The approach makes unification-fd not only a library for unification, but also a library for variable bindings. That part of unification-fd is used by the type inference algorithm as it needs to find term free variables and similar things that unification-fd implements in a generic way.
The unification logic itself is only 7 lines of work (not counting the instance..where boilerplate):
maybeZip a b | length a == length b = Just $ zipWith (curry Right) a b
maybeZip _ _ = Nothing
instance Unifiable T where
zipMatch (TT a1) (TT a2) = TT <$> maybeZip a1 a2
zipMatch (T a) (T b) | a == b = Just $ T a
zipMatch (TU a) (TU b) | a == b = Just $ TU a
zipMatch (TD l1 a1) (TD l2 a2) | l1 == l2 = TD l1 <$> maybeZip a1 a2
zipMatch _ _ = Nothing
Quoting the documentation, zipMatch must only perform one level of equality testing for terms. If the term constructors are unequal then return Nothing; if they are equal, then return the one-level spine filled with resolved subterms and/or pairs of subterms to be recursively checked.
The idea of "spine with pairs" is somewhat analogous to that of paramorphism recursion scheme.

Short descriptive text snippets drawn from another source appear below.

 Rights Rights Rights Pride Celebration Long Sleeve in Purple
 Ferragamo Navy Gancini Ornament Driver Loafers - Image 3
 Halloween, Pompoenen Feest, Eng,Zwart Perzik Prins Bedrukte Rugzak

The declaration of T and the instance are in Unifier.Unifier module. Unifier.Restricted module
reexports unify
and subsumes
functions from unification-fd with types restricted to HNC
choice of representation of variables and errors. Without the restriction error messages
become much worse, and ambiguity often arises, so Unifier.Restricted is a boilerplate module
containing only type signatures.
subsumes
is an asymmetric version of unify
: it checks if the first term can be converted into
the second one by substitutions in it while unify
allows substitutions in both.
You can use the following gist to see the unifier at work: https://gist.github.com/nponeccop/739a720582c961ab05991d61fb5cb598
The example is self-contained: only the aforementioned Unifier/Unifier.hs and Unifier/Restricted.hs are needed. Load the min-unifier-hn.hs into
GHCi and try runStack uni1
or runStack uni2
Below is a complete Hindley-Milner type checking algorithm for an combinatorial subset of HNC. There are only applications, no
LetIn
, Constant
or Definition
or uncurried functions with more than one parameter.

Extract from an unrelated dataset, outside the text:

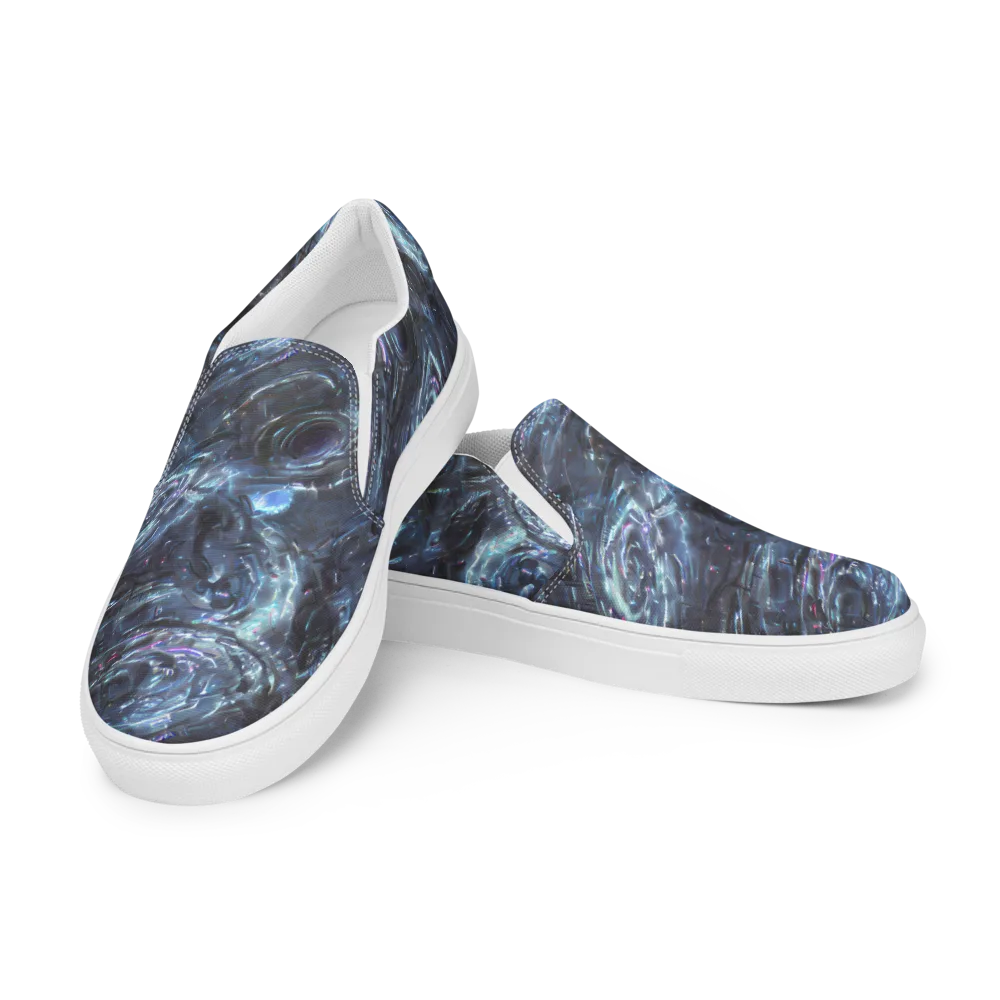 Blue Gravity on Men's Slip-On Canvas Shoes — Left Front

The necessary boilerplate along with predefined library and examples are provided in https://gist.github.com/nponeccop/7ba833db625fed06cb449cdfbd538be1
data Expression = Atom String | App Expression Expression
check :: Lib -> Expression -> Stack Type
check lib = \case
Atom a -> look lib a
App a b -> do
UTerm (TT [argA, res]) <- check lib a
argB <- check lib b
unify argA argB
return res
As the mini-language doesn't let us define new combinators, types of all atoms are supplied by the standard library Lib
. We check that
the symbol is defined at all (by look
) and that if a symbol is applied to anything, its type must be a TT
(function). Then we see if
argA
type the function accepts matches the actual inferred type argB
of passed value.